Data for this task:
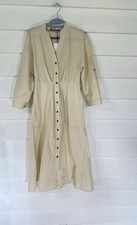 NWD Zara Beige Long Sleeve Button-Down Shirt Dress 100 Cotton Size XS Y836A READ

* * *

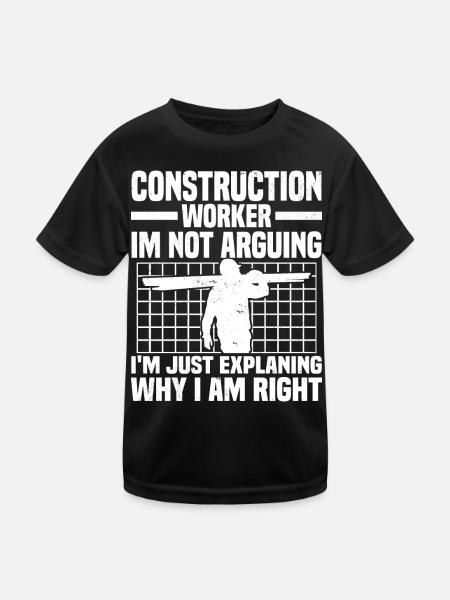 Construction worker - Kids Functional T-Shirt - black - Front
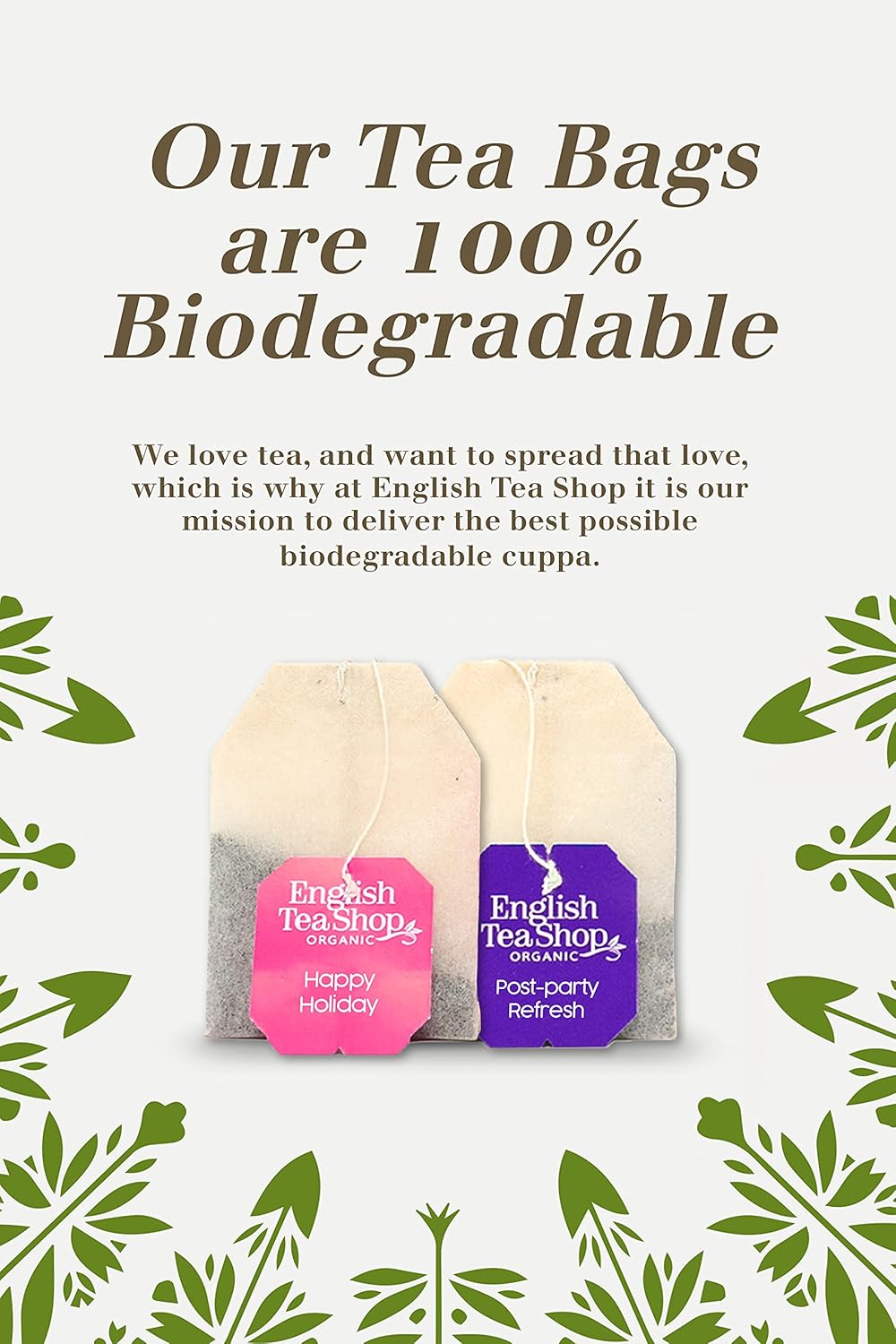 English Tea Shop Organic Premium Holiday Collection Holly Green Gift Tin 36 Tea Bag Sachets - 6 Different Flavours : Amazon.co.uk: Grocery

Task details: Start with the line above containing "Construction worker - Kids" and end with the line containing "English Tea Shop". Set down that stretch exactly, without any pictures.

Output for this task:
 Construction worker - Kids Functional T-Shirt - black - Front
 English Tea Shop Organic Premium Holiday Collection Holly Green Gift Tin 36 Tea Bag Sachets - 6 Different Flavours : Amazon.co.uk: Grocery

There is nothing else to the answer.